Intel® oneAPI Math Kernel Library
Ask questions and share information with other developers who use Intel® Math Kernel Library.

SVD multithreading bug in MKL

YoungTaek_Oh
Beginner
582 Views

Hi,

It seems like that mkl has a serious bug in ?gesvd.

First, I tried to find singular values using the Armadillo library with mkl backends, but results are different according to MKL_NUM_THREADS.

for example,

/* -*- mode: c++; -*- */
#include <armadillo>

int main(int argc, char *argv[])
{
    using namespace arma;

    mat M = randu<mat>(957, 957);
    mat U, V;
    vec s;

    svd(U, s, V, M);
    mat newM = U * diagmat(s) * V.t();

    printf("norm: %f\n", arma::norm(M - newM,2));
    return 0;
}

yields the following results

$ MKL_NUM_THREADS=1 ./main
norm: 0.000000
$ MKL_NUM_THREADS=2 ./main
norm: 0.000000
$ MKL_NUM_THREADS=3 ./main
norm: 0.000000
$ MKL_NUM_THREADS=4 ./main
norm: 0.000000
$ MKL_NUM_THREADS=5 ./main
norm: 371.303371
$ MKL_NUM_THREADS=6 ./main
norm: 138.622780
$ MKL_NUM_THREADS=7 ./main
norm: 138.622780

I wrote another program that uses mkl only, but it was worse.

/* -*- mode: c++; -*- */
#include <mkl.h>
#include <string.h>
#include <math.h>
#include <stdio.h>

int main(int argc, char *argv[])
{
    lapack_int M = 958;
    double *mat = new double[M * M];
    double *mat_orig = new double[M * M];
    double *s = new double;
    double *diags = new double[M*M];
    double *U = new double[M * M];
    double *Vt = new double[M * M];
    double *superb = new double[M-2];

    for (int i=0; i<M*M; ++i)
        mat = static_cast<double>(rand())/RAND_MAX;

    memcpy(mat_orig, mat, sizeof(double) * M * M);
    LAPACKE_dgesvd(LAPACK_COL_MAJOR, 'a', 'a', M, M, mat, M, s, U, M, Vt, M, superb);

    memset(diags, 0, sizeof(double) * M * M);
    for (int i=0; i<M; ++i)
        diags[i * M + i] = s;

    cblas_dgemm(CblasColMajor, CblasNoTrans, CblasNoTrans, M, M, M, 1.0, U, M, diags, M, 0.0, mat, M);
    cblas_dgemm(CblasColMajor, CblasNoTrans, CblasNoTrans, M, M, M, 1.0, mat, M, Vt, M, 0.0, U, M);

    double res = 0.0;
    for (int i=0; i<M*M; ++i) {
        double t = mat_orig - U;
        res += (t*t);
    }
    printf("norm: %f\n", sqrt(res));

    delete[] superb;
    delete[] Vt;
    delete[] U;
    delete[] diags;
    delete[] s;
    delete[] mat_orig;
    delete[] mat;
    return 0;
}

$ MKL_NUM_THREADS=1 ./main2
norm: 0.000000
$ MKL_NUM_THREADS=2 ./main2
norm: 0.000000
$ MKL_NUM_THREADS=3 ./main2
norm: 0.000000
$ MKL_NUM_THREADS=4 ./main2
norm: 0.000000
$ MKL_NUM_THREADS=5 ./main2
norm: 457.024091
$ MKL_NUM_THREADS=6 ./main2
Segmentation fault (core dumped)
$ MKL_NUM_THREADS=7 ./main2
Segmentation fault (core dumped)

What's wrong with this?

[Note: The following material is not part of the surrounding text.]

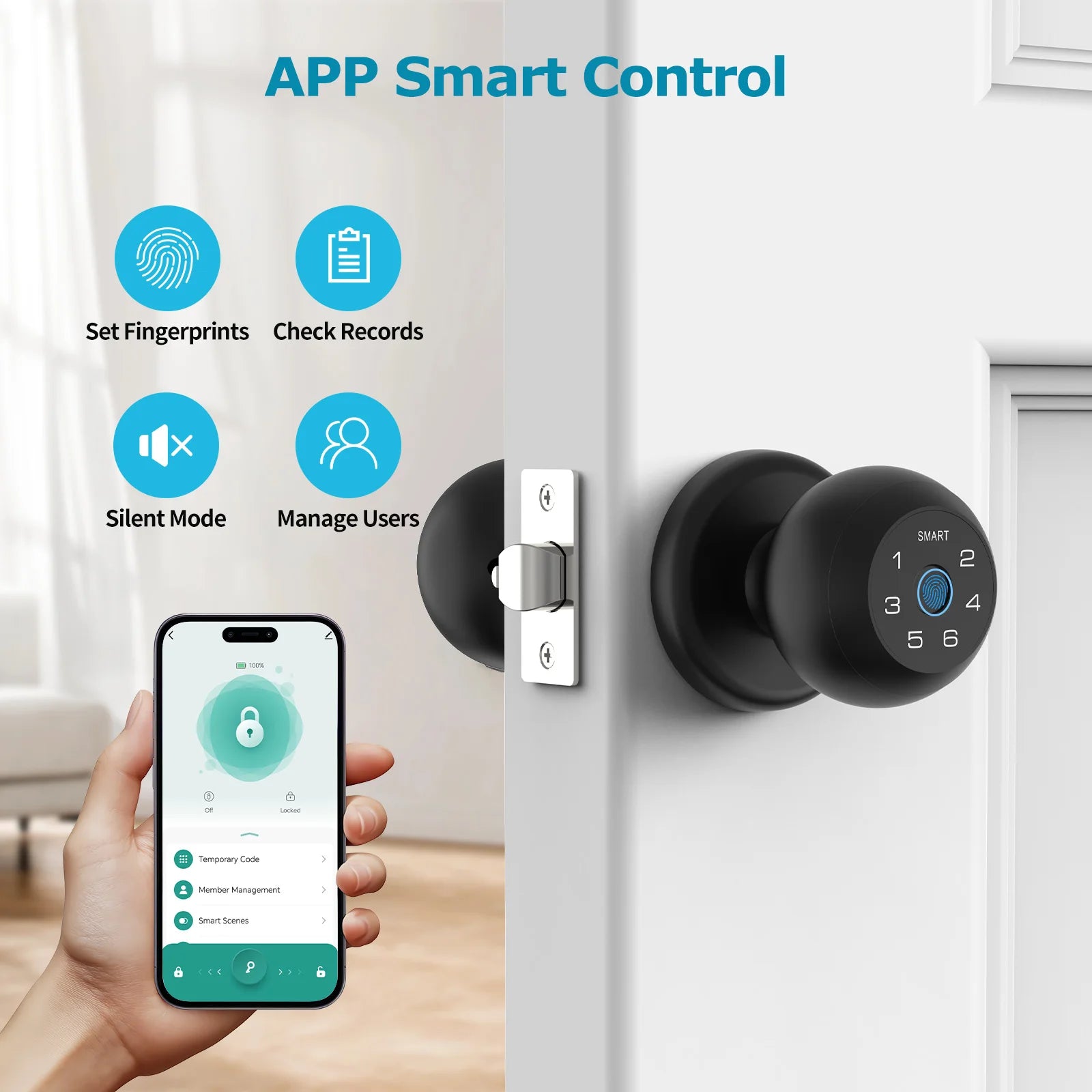 Smart Lock Fingerprint Door Lock App Control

I'm using the lastest mkl + intel compiler (11.0 update 3) in ubuntu 12.04 LTS, intel i7 990X machine.

0 Kudos
11 Replies
Gennady_F_Intel
Moderator
582 Views

thanks for the report, we will check the problem on our side.

0 Kudos
Gennady_F_Intel
Moderator
582 Views

how did you link the test - statically or dinamically? is that LP64 or ILP64 interfaces?

0 Kudos
YoungTaek_Oh
Beginner
582 Views

I used -mkl option, such as

icpc main.cpp -o main -mkl -O3

0 Kudos
Gennady_F_Intel
Moderator
582 Views

yes, I see the similar behavioir on my side with the latest 11.0 update 3.

icc -mkl test.cpp. 

# export MKL_NUM_THREADS=1
# a.out
norm: 0.000000

# export MKL_NUM_THREADS=2
# ./a.out
norm: 0.000000

# export MKL_NUM_THREADS=3
# ./a.out
norm: 0.000000

# export MKL_NUM_THREADS=4
# ./a.out
norm: 0.000000
# export MKL_NUM_THREADS=5
# ./a.out
norm: 457.024091
# export MKL_NUM_THREADS=6
# ./a.out
Segmentation fault (core dumped)

We will digg the issue and will keep you updated as much as possible.

0 Kudos
Gennady_F_Intel
Moderator
582 Views

the issue is escalated to the owner of SVD. here is the number of the issue for your reference : DPD200335246

0 Kudos
Gennady_F_Intel
Moderator
582 Views

the fix of the problem available in version 11.0 update4 which released the last week.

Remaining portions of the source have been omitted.